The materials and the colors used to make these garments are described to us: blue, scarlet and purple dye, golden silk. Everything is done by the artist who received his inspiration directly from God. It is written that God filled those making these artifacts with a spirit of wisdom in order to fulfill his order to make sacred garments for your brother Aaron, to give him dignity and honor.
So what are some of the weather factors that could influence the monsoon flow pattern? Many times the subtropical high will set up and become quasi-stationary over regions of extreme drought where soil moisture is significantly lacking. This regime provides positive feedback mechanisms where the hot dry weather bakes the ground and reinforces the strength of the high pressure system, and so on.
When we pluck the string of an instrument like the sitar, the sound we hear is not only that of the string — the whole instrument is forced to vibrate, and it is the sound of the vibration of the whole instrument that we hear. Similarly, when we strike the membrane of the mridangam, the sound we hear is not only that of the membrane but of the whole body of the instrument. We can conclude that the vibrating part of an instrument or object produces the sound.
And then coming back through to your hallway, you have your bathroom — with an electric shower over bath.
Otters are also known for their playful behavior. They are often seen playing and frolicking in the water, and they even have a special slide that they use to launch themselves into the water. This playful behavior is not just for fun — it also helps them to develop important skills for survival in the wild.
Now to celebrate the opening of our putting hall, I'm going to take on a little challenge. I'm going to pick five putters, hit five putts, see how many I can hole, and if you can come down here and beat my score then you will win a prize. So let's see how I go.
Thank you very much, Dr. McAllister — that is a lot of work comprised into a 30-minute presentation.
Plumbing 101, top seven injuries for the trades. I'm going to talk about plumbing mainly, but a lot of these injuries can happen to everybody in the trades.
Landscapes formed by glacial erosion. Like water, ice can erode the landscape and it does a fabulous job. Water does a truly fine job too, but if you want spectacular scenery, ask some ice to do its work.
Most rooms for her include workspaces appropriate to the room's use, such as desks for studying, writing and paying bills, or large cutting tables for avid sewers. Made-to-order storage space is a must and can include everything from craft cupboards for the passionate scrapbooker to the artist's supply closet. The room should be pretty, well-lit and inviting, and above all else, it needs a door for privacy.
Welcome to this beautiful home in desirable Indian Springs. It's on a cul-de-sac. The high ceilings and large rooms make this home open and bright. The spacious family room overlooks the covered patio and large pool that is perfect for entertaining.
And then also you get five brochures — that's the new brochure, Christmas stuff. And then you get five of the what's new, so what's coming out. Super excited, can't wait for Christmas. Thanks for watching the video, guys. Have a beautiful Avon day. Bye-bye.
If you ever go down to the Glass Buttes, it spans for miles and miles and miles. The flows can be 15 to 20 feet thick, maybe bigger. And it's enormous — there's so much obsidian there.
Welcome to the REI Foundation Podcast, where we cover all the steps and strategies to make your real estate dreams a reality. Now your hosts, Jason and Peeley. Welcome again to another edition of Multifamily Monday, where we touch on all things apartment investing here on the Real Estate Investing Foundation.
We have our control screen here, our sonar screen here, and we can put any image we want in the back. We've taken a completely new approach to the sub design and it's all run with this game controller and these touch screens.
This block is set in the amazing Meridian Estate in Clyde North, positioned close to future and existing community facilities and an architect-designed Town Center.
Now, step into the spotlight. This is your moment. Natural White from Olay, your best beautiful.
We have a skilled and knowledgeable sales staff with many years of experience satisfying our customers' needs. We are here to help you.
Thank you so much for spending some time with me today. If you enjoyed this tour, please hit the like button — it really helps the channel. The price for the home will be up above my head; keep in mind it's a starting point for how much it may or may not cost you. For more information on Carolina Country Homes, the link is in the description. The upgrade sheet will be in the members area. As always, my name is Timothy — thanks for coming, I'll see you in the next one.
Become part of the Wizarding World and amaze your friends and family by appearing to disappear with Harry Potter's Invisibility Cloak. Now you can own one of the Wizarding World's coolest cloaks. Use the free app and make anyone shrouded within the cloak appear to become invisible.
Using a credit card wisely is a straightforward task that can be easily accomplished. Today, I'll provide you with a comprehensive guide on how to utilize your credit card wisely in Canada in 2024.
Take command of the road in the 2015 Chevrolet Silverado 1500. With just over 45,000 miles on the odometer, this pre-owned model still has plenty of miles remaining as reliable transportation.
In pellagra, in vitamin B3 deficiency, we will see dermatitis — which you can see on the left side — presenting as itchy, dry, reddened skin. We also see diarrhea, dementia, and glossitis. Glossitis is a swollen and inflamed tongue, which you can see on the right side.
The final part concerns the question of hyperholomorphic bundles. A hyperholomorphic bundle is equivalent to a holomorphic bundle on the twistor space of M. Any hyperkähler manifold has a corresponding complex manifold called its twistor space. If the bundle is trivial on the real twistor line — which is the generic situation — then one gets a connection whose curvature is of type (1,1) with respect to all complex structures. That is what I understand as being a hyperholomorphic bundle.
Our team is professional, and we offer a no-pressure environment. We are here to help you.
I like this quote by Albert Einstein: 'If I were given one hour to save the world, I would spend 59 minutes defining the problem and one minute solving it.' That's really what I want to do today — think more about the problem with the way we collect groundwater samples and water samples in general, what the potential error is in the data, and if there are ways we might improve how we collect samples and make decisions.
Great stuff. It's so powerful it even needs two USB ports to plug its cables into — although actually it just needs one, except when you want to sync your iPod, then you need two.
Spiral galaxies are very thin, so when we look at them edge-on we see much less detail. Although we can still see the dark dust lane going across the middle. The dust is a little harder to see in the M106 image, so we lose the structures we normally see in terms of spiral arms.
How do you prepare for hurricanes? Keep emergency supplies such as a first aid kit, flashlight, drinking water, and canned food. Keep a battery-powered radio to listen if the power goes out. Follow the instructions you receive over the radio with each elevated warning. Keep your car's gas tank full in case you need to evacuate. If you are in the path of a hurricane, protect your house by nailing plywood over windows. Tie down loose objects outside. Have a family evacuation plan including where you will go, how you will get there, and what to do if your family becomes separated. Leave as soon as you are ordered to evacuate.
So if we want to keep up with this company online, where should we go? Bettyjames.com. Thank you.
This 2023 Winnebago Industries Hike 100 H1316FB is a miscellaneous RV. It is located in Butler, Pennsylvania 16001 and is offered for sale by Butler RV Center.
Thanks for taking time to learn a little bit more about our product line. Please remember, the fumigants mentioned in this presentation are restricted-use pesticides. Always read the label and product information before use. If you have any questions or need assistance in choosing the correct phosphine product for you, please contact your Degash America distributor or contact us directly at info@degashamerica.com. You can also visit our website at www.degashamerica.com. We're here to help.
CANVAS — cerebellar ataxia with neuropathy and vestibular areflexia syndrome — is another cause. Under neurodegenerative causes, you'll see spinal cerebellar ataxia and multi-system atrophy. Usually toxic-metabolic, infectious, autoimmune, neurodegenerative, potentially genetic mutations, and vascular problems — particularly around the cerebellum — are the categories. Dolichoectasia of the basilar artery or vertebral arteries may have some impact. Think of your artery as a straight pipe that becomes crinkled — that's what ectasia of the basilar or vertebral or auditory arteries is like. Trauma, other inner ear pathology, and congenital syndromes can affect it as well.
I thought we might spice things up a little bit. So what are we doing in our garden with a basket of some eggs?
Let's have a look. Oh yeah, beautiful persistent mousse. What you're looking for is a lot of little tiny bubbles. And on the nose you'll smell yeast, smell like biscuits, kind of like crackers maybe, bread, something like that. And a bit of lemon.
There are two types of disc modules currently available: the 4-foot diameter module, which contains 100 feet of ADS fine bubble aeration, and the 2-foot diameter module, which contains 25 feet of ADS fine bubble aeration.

::::::::

▶ What is needed:
Transcribe the records above from the line holding "This block is" down to the line holding "Take command of", inclusive, without adding anything.

▶ Answer space:
This block is set in the amazing Meridian Estate in Clyde North, positioned close to future and existing community facilities and an architect-designed Town Center.
Now, step into the spotlight. This is your moment. Natural White from Olay, your best beautiful.
We have a skilled and knowledgeable sales staff with many years of experience satisfying our customers' needs. We are here to help you.
Thank you so much for spending some time with me today. If you enjoyed this tour, please hit the like button — it really helps the channel. The price for the home will be up above my head; keep in mind it's a starting point for how much it may or may not cost you. For more information on Carolina Country Homes, the link is in the description. The upgrade sheet will be in the members area. As always, my name is Timothy — thanks for coming, I'll see you in the next one.
Become part of the Wizarding World and amaze your friends and family by appearing to disappear with Harry Potter's Invisibility Cloak. Now you can own one of the Wizarding World's coolest cloaks. Use the free app and make anyone shrouded within the cloak appear to become invisible.
Using a credit card wisely is a straightforward task that can be easily accomplished. Today, I'll provide you with a comprehensive guide on how to utilize your credit card wisely in Canada in 2024.
Take command of the road in the 2015 Chevrolet Silverado 1500. With just over 45,000 miles on the odometer, this pre-owned model still has plenty of miles remaining as reliable transportation.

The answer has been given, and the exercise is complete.